During the day, I run lots of Jenkins slaves. During the evening, I use AWS to autoscale down the number of slaves I'm using. AWS simply terminates the instances. Jenkins probably would call this a "channel disconnect".
I noticed that any jobs which are running when the slave is killed off hang for a really long time. For example, the link below shows a job which had a 10 minute timeout set. I kill the job off at the 24 second mark, but the job hangs up until the 10 minute mark where Jenkins timeout plugin detects a timeout.. but then it spends the next 7 minutes hanging until Jenkins realizes the channel is disconnected.
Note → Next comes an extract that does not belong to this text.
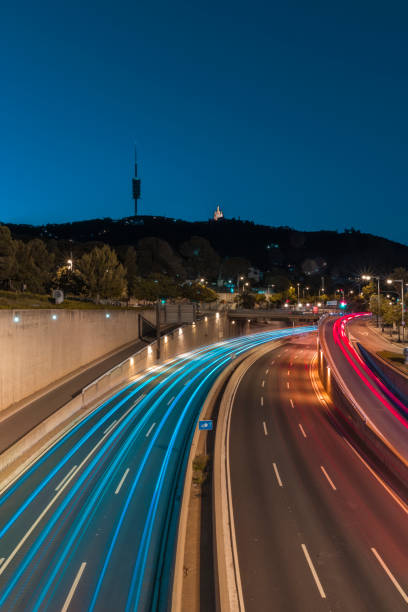istock Light trails in Barcelona city road 1271554000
https://gist.github.com/blockjon/6358b4124935fa4e72ba8a7d5bd12291
What's a better way to have jobs be stopped and/or restarted if the slave they are running on is disconnected quickly?
Desired Behavior:
Jenkins detects the channel is disconnected within 30 seconds. It proceeds to restart the job via another healthy node.
- duplicates
-
JENKINS-49707 Auto retry for elastic agents after channel closure
-
- Resolved
-
There is no plan to implement job failover within the Jenkins core. There is a Naginator plugin for it: https://wiki.jenkins-ci.org/display/JENKINS/Naginator+Plugin
Regarding the node failure detection time, it really depends on operation being executed. If the node is being disconnected after 7 minutes, it likely means that...
1) Remoting channel does not notice disconnect or does not propagate it to all pending calls
2) The channel is being disconnected by the PingThread timeout
Anyway, I need Jenkins System, agent and build logs with failure timestamp to analyze the root cause.